┌─ Data below
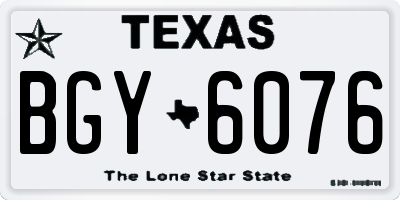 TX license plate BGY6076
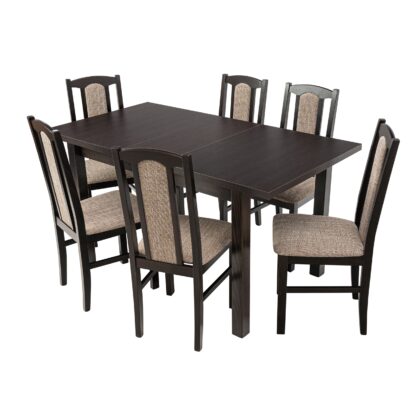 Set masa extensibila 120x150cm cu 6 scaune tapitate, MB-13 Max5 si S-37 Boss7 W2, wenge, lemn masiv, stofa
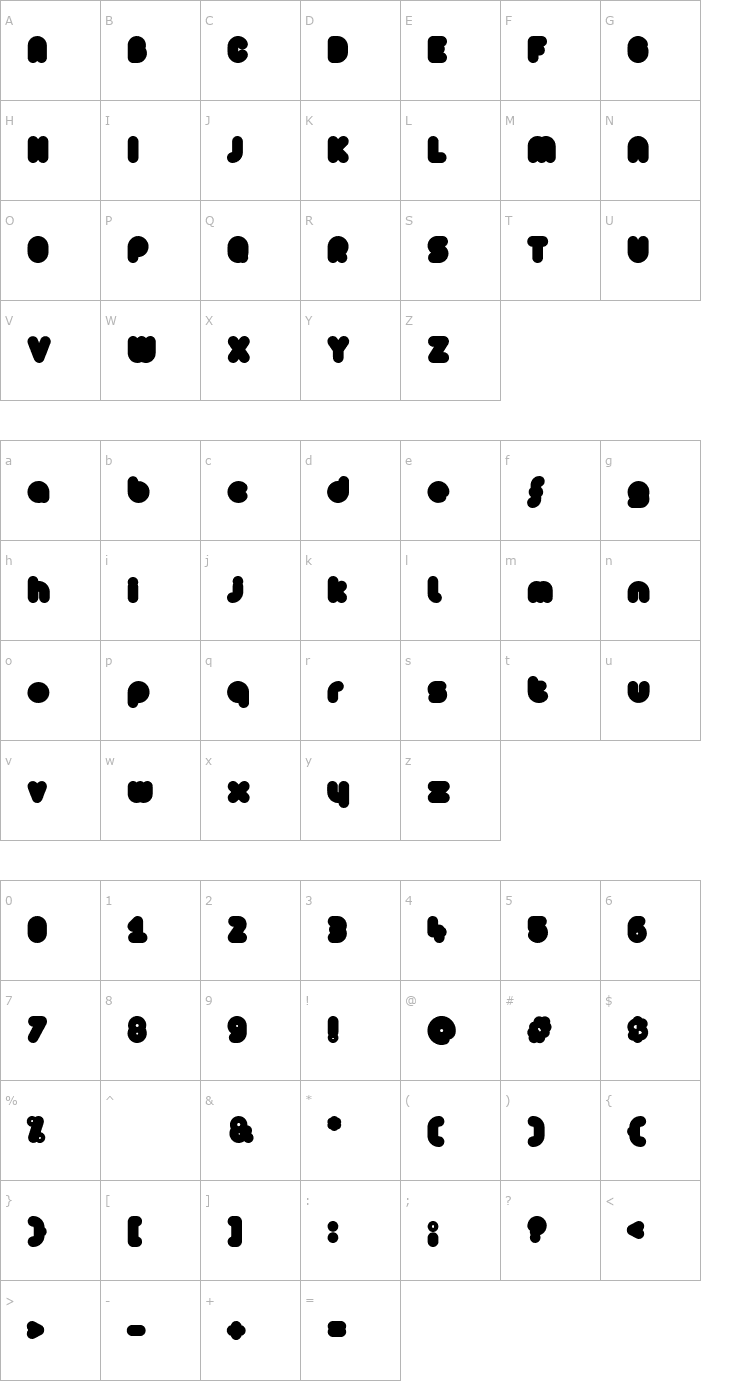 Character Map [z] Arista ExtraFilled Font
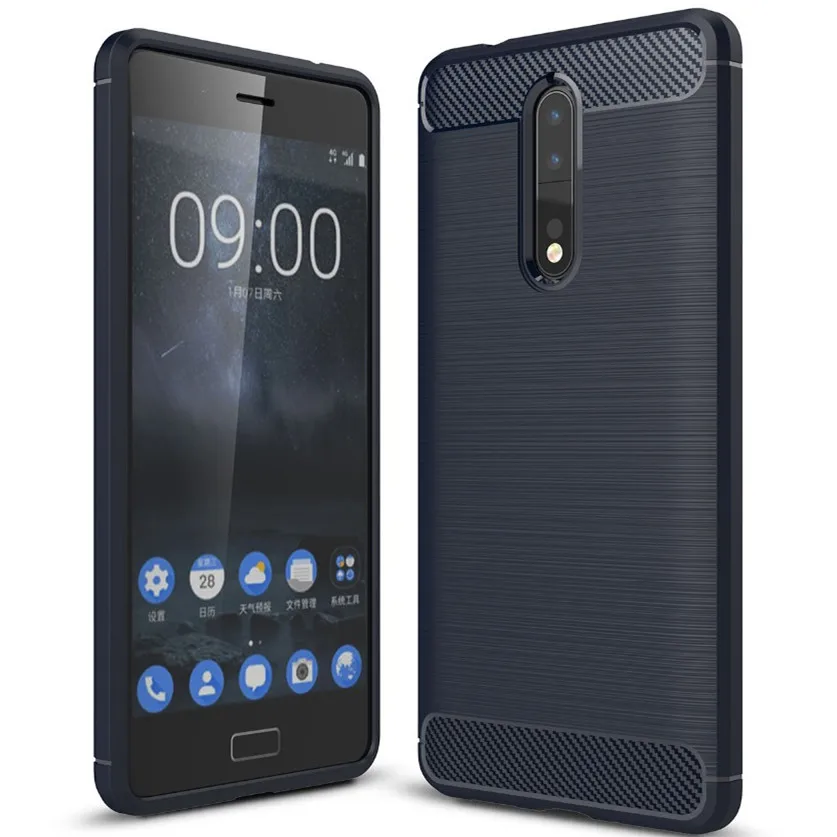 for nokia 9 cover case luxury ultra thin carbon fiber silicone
└─
The entire listing above is to be copied exactly, with all pictures omitted.

◆ Reply ◆
 TX license plate BGY6076
 Set masa extensibila 120x150cm cu 6 scaune tapitate, MB-13 Max5 si S-37 Boss7 W2, wenge, lemn masiv, stofa
 Character Map [z] Arista ExtraFilled Font
 for nokia 9 cover case luxury ultra thin carbon fiber silicone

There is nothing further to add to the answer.